(DATASET CONTENT Opens)

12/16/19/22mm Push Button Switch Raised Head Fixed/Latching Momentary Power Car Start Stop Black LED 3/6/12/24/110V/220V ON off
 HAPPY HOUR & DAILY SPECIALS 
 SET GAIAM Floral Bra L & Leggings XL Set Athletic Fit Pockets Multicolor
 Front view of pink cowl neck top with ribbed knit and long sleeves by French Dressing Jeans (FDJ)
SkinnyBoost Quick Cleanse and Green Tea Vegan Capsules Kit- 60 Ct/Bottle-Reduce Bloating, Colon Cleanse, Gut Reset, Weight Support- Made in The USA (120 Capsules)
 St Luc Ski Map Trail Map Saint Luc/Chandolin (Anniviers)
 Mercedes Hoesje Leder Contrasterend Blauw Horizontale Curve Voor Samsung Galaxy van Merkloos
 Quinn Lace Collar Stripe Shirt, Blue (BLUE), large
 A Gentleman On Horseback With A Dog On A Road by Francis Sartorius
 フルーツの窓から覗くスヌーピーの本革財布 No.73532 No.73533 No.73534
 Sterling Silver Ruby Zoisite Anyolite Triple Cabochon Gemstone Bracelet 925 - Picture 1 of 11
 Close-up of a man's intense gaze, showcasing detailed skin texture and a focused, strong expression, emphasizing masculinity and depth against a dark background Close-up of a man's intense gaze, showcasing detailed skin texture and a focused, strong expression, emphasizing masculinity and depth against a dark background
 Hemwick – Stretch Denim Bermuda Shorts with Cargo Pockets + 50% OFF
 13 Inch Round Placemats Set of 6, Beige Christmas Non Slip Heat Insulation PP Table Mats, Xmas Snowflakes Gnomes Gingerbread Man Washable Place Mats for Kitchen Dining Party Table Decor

(DATASET CONTENT Closes)

- WHAT YOU WILL DO: As listed above, the lines from the line with "Mercedes Hoesje Leder" to the line with "Sterling Silver Ruby" are to be echoed exactly, with both ends included and nothing added.

- WRITTEN SOLUTION:
 Mercedes Hoesje Leder Contrasterend Blauw Horizontale Curve Voor Samsung Galaxy van Merkloos
 Quinn Lace Collar Stripe Shirt, Blue (BLUE), large
 A Gentleman On Horseback With A Dog On A Road by Francis Sartorius
 フルーツの窓から覗くスヌーピーの本革財布 No.73532 No.73533 No.73534
 Sterling Silver Ruby Zoisite Anyolite Triple Cabochon Gemstone Bracelet 925 - Picture 1 of 11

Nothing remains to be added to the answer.